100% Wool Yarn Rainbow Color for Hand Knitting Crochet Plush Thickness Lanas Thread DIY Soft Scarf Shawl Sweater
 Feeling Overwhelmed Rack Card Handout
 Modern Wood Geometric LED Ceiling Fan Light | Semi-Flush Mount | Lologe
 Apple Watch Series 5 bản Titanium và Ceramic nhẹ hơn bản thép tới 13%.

####

### Task to carry out:
Repeat precisely, and with nothing added, every line from the one containing "Modern Wood Geometric" to the last line of the listing above.

### Exercise response:
 Modern Wood Geometric LED Ceiling Fan Light | Semi-Flush Mount | Lologe
 Apple Watch Series 5 bản Titanium và Ceramic nhẹ hơn bản thép tới 13%.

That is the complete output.